It is often a sign that ownership, idempotency, or database constraints are underdesigned.
13. When a Distributed Lock Is Reasonable
A Redis-based lock can be reasonable when:
- the protected operation is short
- duplicate execution is tolerable or guarded
- the lock is an optimization, not the only correctness boundary
- recovery after crash is more important than perfect exclusion
- failure behavior is explicit
- lock expiry is based on measured latency
- there is observability for acquire/hold/release/expiry
- tests cover concurrent contenders
Good use cases:
- cache stampede protection
- single-flight reload
- best-effort scheduler leadership
- worker coordination for non-critical tasks
- tenant-level throttling
- short maintenance flag transition
- preventing duplicate expensive computation
14. When Not to Use a Distributed Lock
Avoid Redis distributed locks when:
- money movement correctness depends only on the lock
- legal/regulatory state transition correctness depends only on the lock
- external side effect cannot tolerate duplicate execution
- operation duration is unbounded
- lock expiry cannot be chosen safely
- stale owners cannot be detected
- no fencing token can be enforced
- Redis failover semantics are not understood
- business state already lives in PostgreSQL and DB constraints can solve it
- Kafka/RabbitMQ message ordering/partitioning can solve it better
A weak lock is worse than no lock because it gives false confidence.

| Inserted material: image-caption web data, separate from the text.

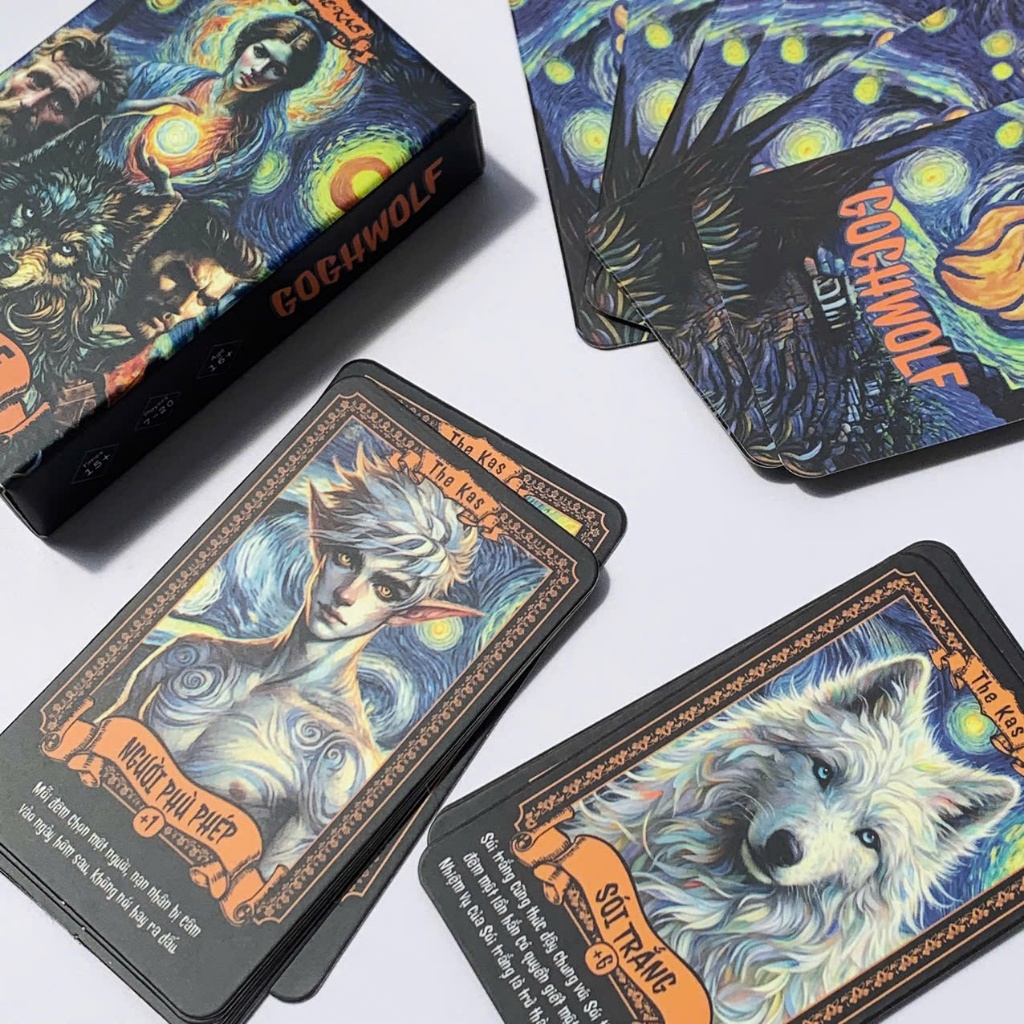 Bộ Bài Ma sói GoghWolf 21 Lá Bài - Khi BoardGame Và Nghệ Thuật Giao Thoa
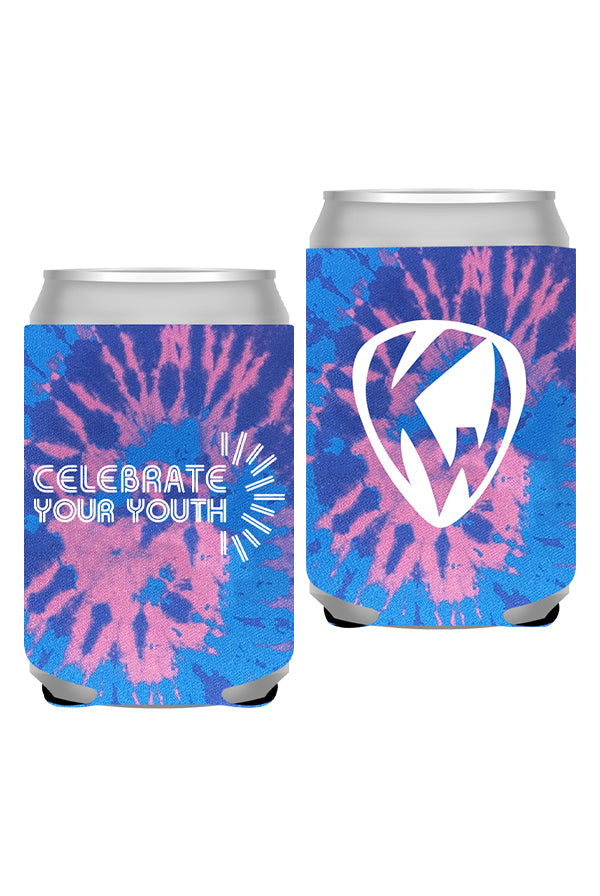 Celebrate Koozie (Purple Tie Dye)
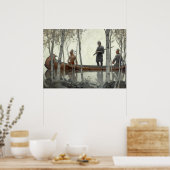 Das Letzte der Mohikaner von N. C. Wyeth Poster (Küche)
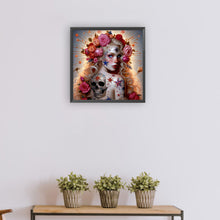 Load image into Gallery viewer, Diamond Painting - Full Round - skeleton beauty (30*30CM)
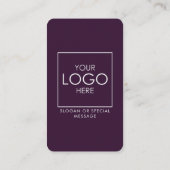 Social Media QR Code Verbind met ons Modern Busine Visitekaartje (Achterkant)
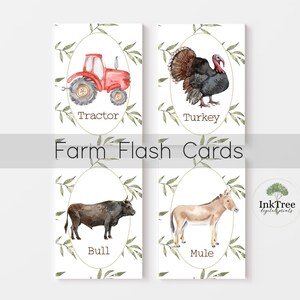 Farm Flash Card Pintable&#39;s, Animal Flash Card Pintable&#39;s, Educational Pintable&#39;s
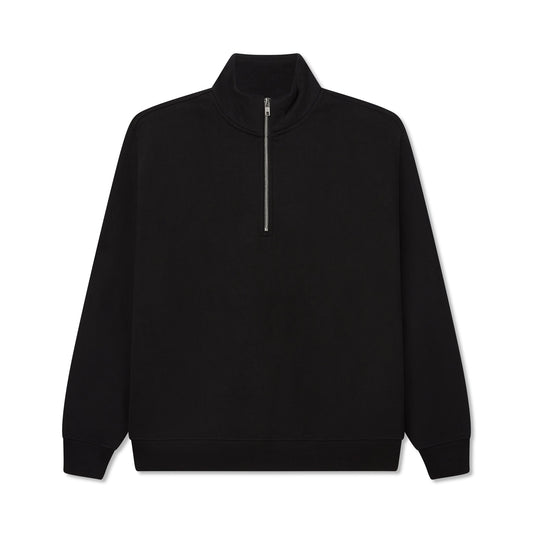 600 GSM 'Black' Quarter Zip Sweatshirt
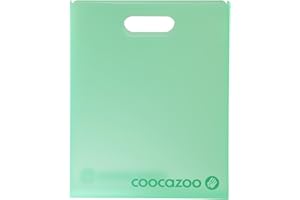 coocazoo Heftbox, Fresh Mint, grau-Mint, mit Tragegriff, Heftordner/Heftmappe/Sammelbox für Schulrucksäcke, ab der 3. Klasse, bis zur Einer DIN-A4 Größe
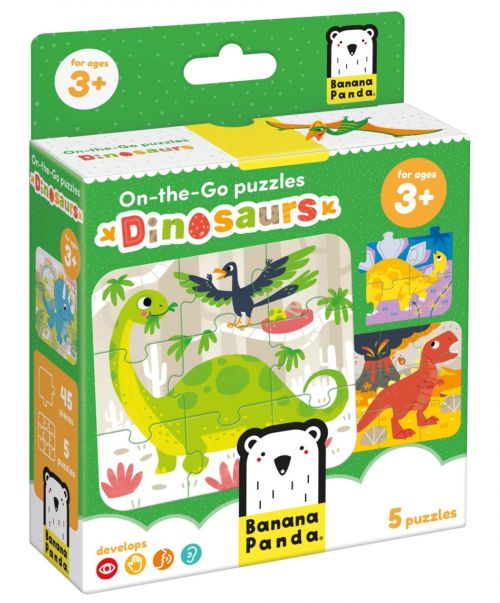 ON THE GO PUZZLES DINOSAURS +3 AÑOS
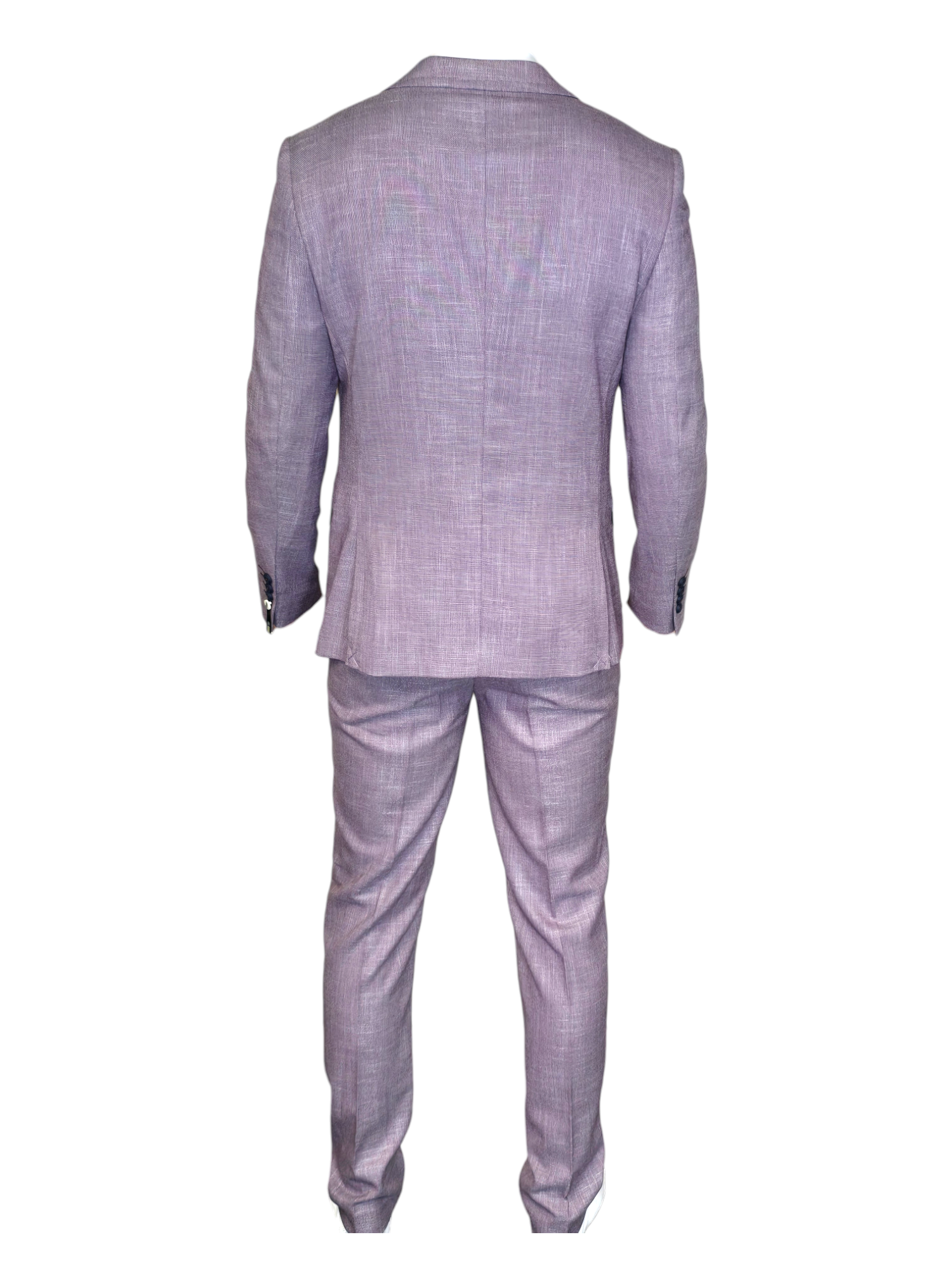 2-delig pak - slim fit heren kostuum - Cavani lilac suit 2pc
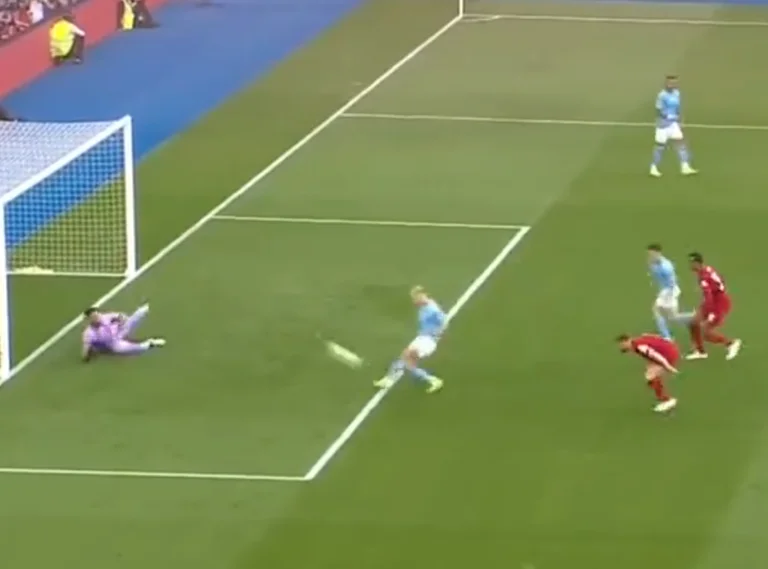 A little of Haland's mistakes against Liverpool, “top was not standing to”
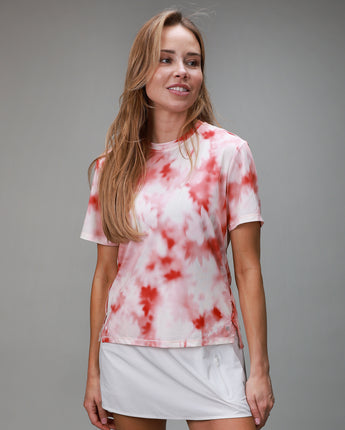 womens floral shirt front 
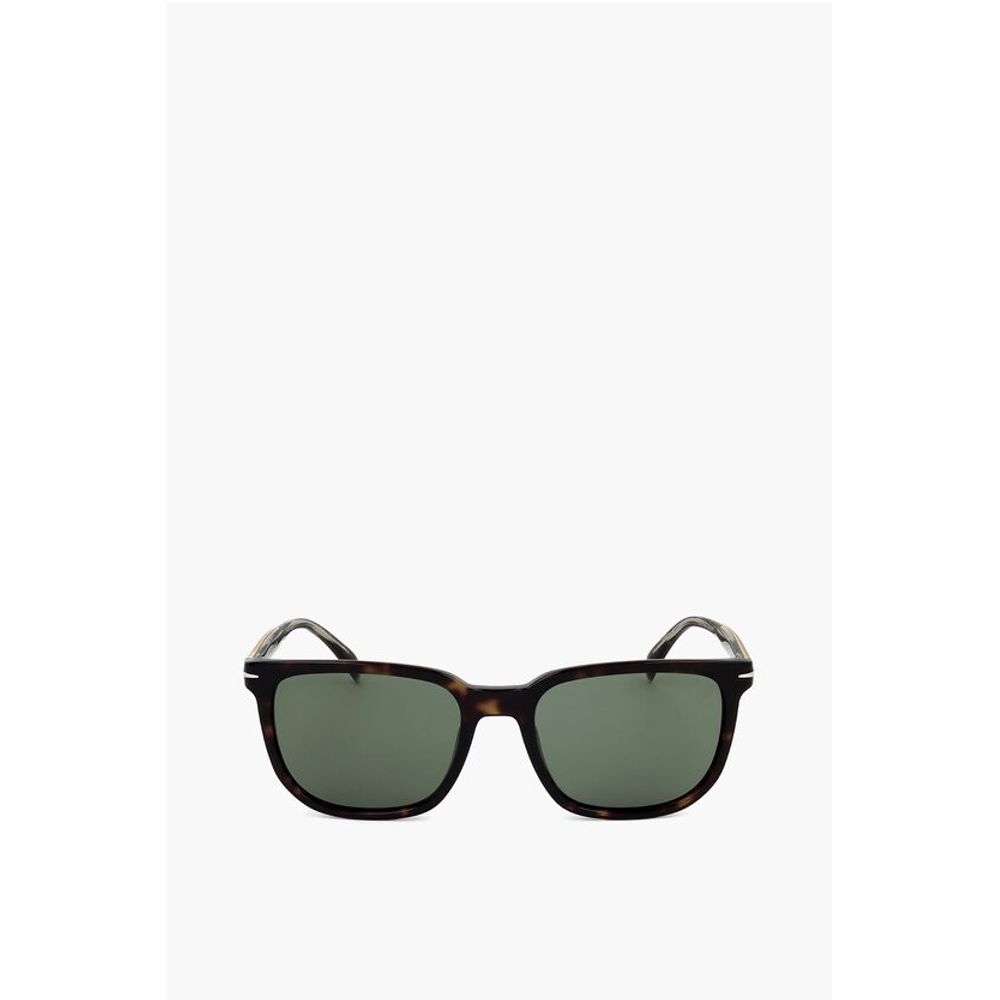 

Солнцезащитные очки Wayfarer с оправой с черепаховым узором David Beckham, Brown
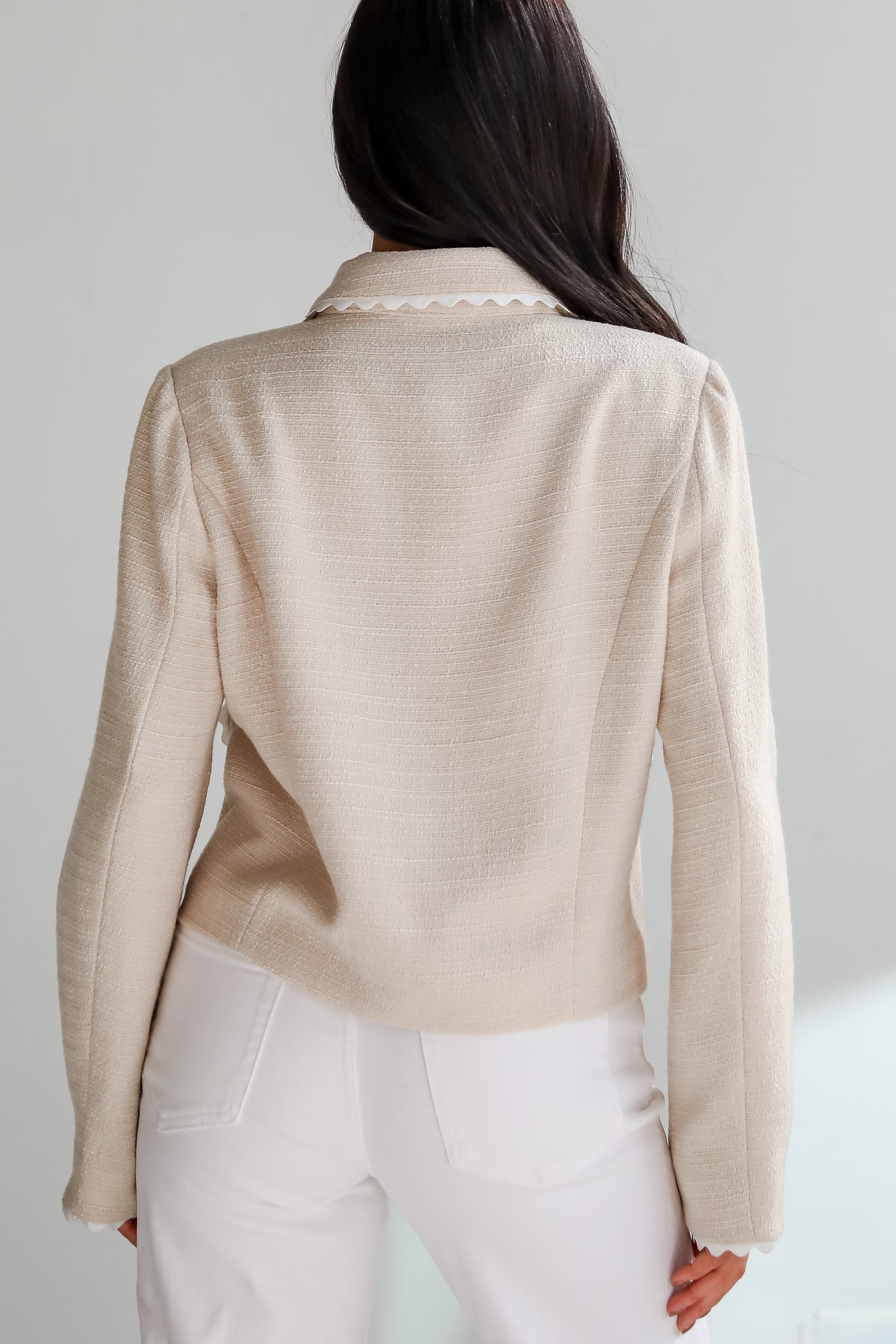 Posh Pursuits Oatmeal Tweed Jacket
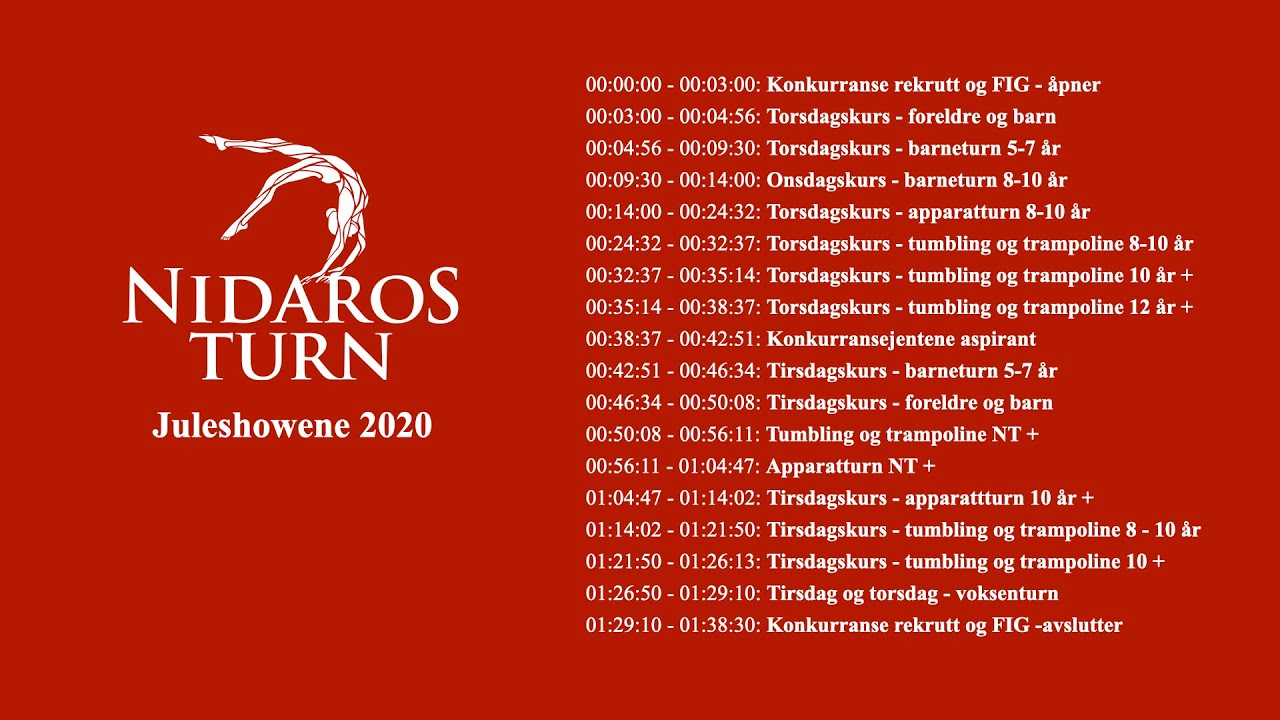 Nidaros Turn - Juleshowene 2020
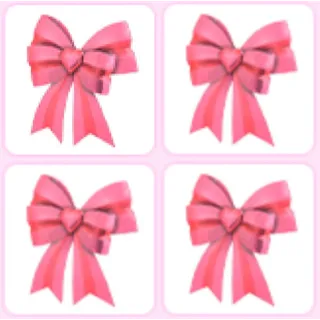 4x Heart Bow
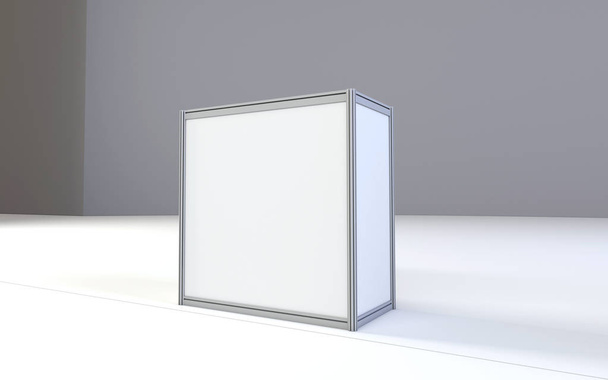 Lightbox σε φωτεινό φόντο απόδοσης 3d σχεδίαση - Φωτογραφία, εικόνα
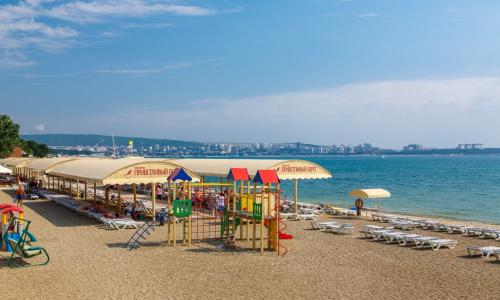 Пансионат Приветливый берег Геленджик - Фото 37. Пляж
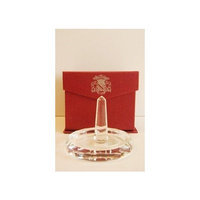 Oleg Cassini Crystal Ring Holder with Round Base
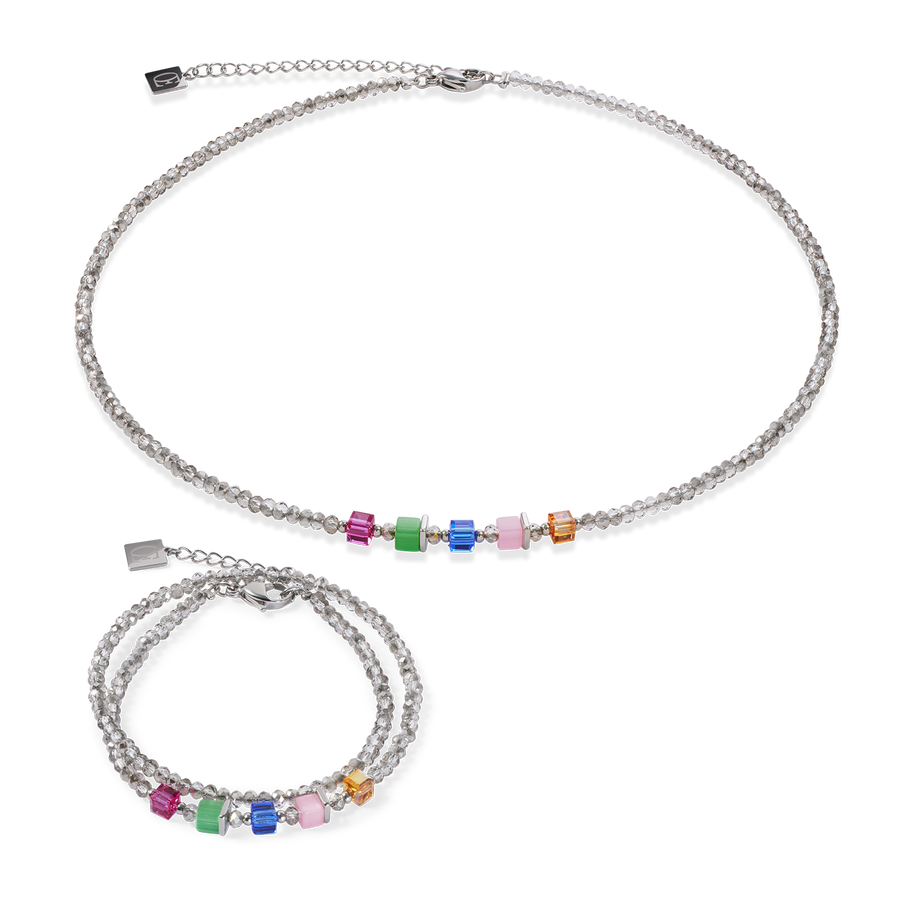 Joyful Colours Update Necklace silver-multicolour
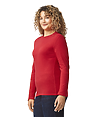 Softstyle Adult Long Sleeve CHERRY RED Side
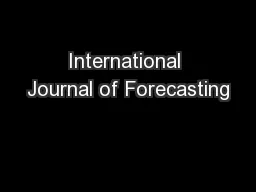 International Journal of Forecasting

15. Java/JAX-RS Request Flow With Lock
A JAX-RS request using a lock might look like:
The HTTP response must match the business semantics.
Possible responses:
| Scenario | Possible response |
|---|---|
| operation already running | 202 Accepted with polling link |
| conflicting operation | 409 Conflict |
| resource temporarily locked | 423 Locked if API standard allows |
| best-effort reload skipped | 200 OK with stale/previous value |
| rate-style protection | 429 Too Many Requests |
Do not return random 500 just because lock acquisition failed.
16. Lock and HTTP Timeout Mismatch
HTTP request timeout can be shorter than lock lease.
Example:
HTTP timeout: 10 s
lock lease: 30 s
operation actual time: 20 s
client sees timeout
server keeps working
retry arrives while lock still held
The retry behavior must be designed.
Options:
- return operation status by resource ID
- combine with idempotency key
- reject concurrent retry cleanly
- let retry observe existing processing state
- avoid long work inside synchronous HTTP request
Distributed locks do not solve client timeout ambiguity.
Idempotency and operation status usually matter more.
17. Lock and PostgreSQL
If the protected resource is in PostgreSQL, ask first:
Can PostgreSQL enforce this better?
PostgreSQL options:
- row lock with
SELECT ... FOR UPDATE - optimistic version column
- unique constraint
- exclusion constraint
- advisory lock
- state transition condition in
WHERE - job ownership table
- transactional outbox
Redis lock may still help reduce contention or avoid duplicate work.
But PostgreSQL should enforce durable correctness when the state is stored there.
Recommended shape:
Redis lock: reduce concurrent expensive work
PostgreSQL constraint/state guard: enforce correctness
Not:
Redis lock: only thing preventing invalid DB state
18. Lock and MyBatis/JDBC
In Java services using MyBatis/JDBC, lock scope must be clear relative to transaction scope.
Dangerous pattern:
acquire Redis lock
open DB transaction
perform long query
call external service
update DB
commit
release lock
Better pattern:
acquire short Redis lock
validate/claim work quickly in DB
release Redis lock
perform long work with DB state guard/idempotency
commit with version/fencing check
The longer a lock is held across JDBC work, the more likely it becomes stale.
Review transaction boundaries carefully.
19. Lock and Kafka/RabbitMQ
Message-driven systems often do not need Redis locks.
Kafka already has partition ordering per key.
RabbitMQ already has queue delivery, prefetch, and ack semantics.
Before adding Redis lock around a consumer, ask:
- Can partition key route same entity to one consumer?
- Can idempotent consumer handle duplicates?
- Can DB unique constraint handle duplicate event?
- Can RabbitMQ prefetch/concurrency be configured?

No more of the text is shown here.